# Provided data

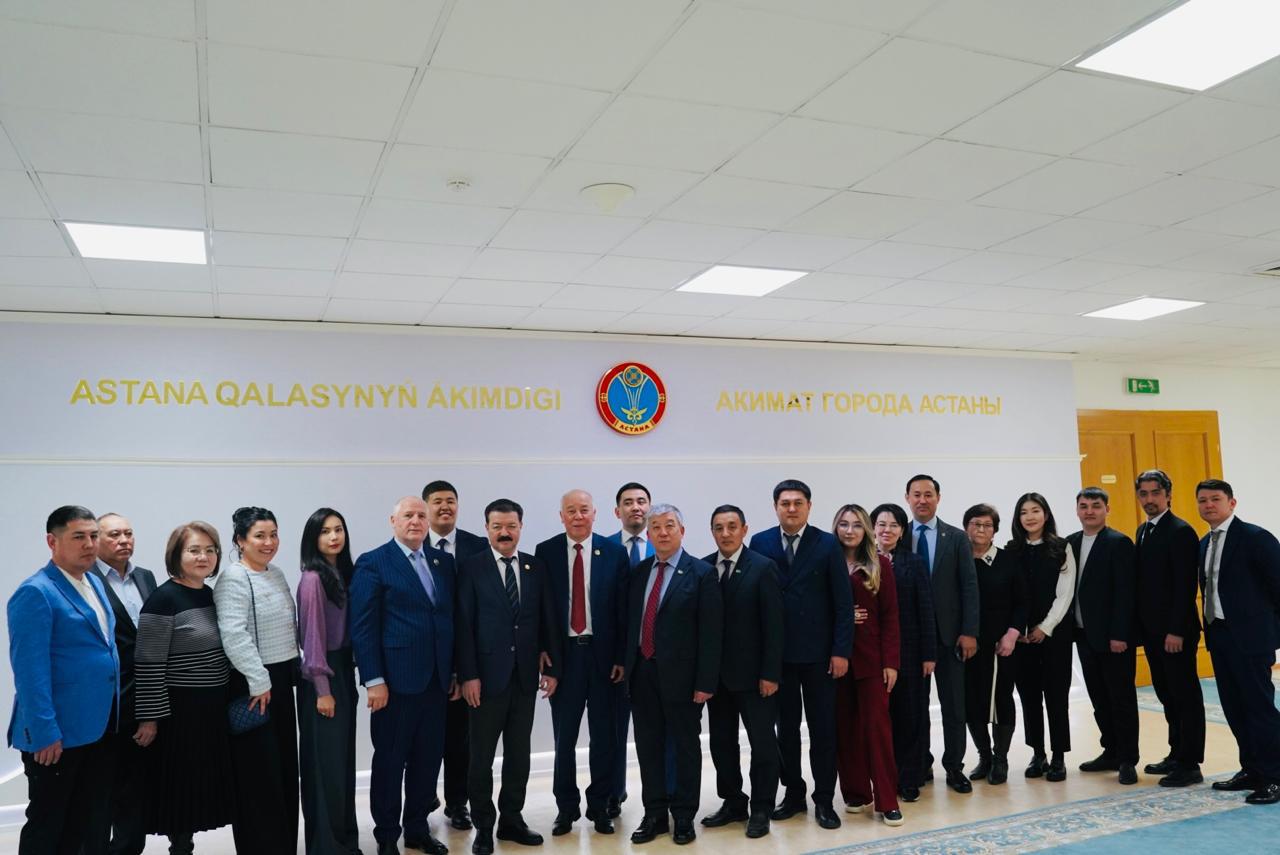 Қоғамдық кеңестің бірінші отырысы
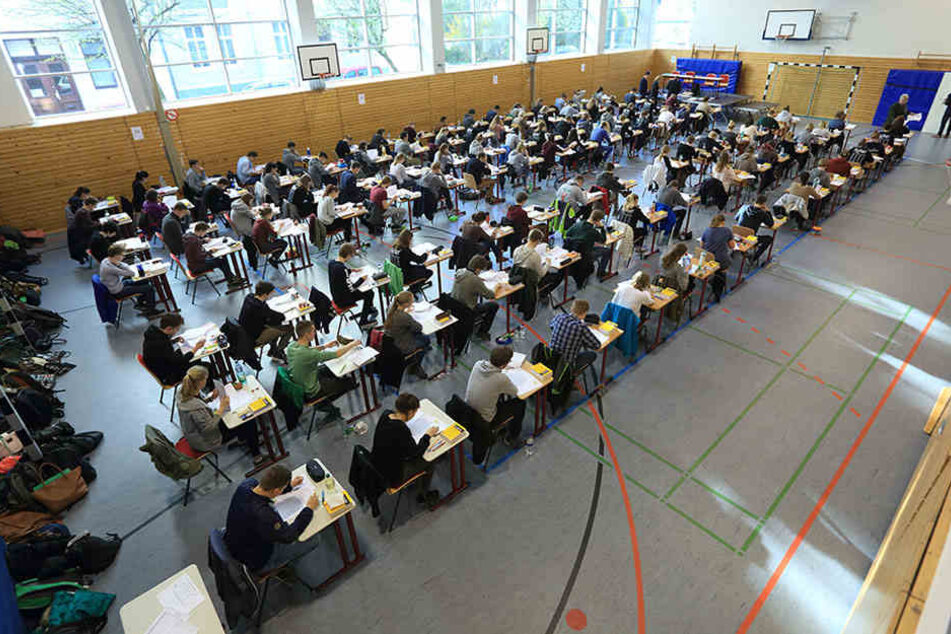 Ein zweites Mal dürfen Brandenburgs Schüler zum schriftlichen Mathe-Abi antreten. (Symbolbild)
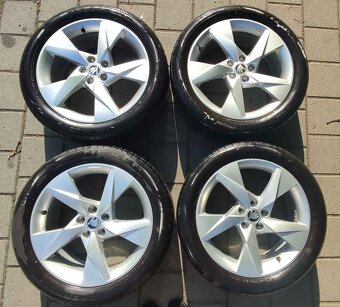 Prodám originální Škoda ALU kola 17" + letní pneu 205/50R17 - 2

# What this task involves
Transcribe the listing exactly; skip the pictures.

# Finished exercise
 Қоғамдық кеңестің бірінші отырысы
 Ein zweites Mal dürfen Brandenburgs Schüler zum schriftlichen Mathe-Abi antreten. (Symbolbild)
 Prodám originální Škoda ALU kola 17" + letní pneu 205/50R17 - 2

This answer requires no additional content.